Word for word, transcribe the lines from the one containing "2017 Subaru Forester" through the end of the entries, both included, and nothing else.

━━━━━━

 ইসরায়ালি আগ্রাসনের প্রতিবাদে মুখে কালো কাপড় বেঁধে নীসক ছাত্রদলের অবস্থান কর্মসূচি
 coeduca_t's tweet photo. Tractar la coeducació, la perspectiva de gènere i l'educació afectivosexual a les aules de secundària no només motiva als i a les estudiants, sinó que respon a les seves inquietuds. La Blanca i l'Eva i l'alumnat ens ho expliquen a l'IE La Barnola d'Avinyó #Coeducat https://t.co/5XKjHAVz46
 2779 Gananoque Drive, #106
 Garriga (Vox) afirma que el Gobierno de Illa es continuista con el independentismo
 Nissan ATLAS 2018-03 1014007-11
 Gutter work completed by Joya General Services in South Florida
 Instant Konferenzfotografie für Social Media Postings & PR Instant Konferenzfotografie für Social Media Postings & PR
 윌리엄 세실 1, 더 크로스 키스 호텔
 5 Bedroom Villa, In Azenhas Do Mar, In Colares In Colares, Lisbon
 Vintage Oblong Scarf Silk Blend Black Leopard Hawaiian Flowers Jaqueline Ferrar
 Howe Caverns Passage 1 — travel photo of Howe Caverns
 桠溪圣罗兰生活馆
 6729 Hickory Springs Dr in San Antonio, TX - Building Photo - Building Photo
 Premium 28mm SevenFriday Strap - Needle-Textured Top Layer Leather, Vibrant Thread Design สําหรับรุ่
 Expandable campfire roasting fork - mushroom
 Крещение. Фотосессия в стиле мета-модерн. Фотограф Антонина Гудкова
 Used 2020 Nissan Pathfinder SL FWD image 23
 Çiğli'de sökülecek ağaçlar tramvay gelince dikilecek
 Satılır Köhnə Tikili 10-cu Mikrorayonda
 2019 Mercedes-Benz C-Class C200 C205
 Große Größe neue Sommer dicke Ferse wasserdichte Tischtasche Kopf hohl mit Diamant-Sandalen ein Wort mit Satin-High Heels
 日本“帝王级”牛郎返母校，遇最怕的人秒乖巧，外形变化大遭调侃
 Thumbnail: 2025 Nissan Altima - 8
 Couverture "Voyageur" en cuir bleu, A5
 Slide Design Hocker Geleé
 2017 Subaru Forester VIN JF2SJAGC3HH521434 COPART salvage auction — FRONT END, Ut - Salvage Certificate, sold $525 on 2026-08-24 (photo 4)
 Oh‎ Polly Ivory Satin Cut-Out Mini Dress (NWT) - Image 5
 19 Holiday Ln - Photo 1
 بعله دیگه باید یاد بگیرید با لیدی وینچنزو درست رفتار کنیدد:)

━━━━━━

_Exercise result_
 2017 Subaru Forester VIN JF2SJAGC3HH521434 COPART salvage auction — FRONT END, Ut - Salvage Certificate, sold $525 on 2026-08-24 (photo 4)
 Oh‎ Polly Ivory Satin Cut-Out Mini Dress (NWT) - Image 5
 19 Holiday Ln - Photo 1
 بعله دیگه باید یاد بگیرید با لیدی وینچنزو درست رفتار کنیدد:)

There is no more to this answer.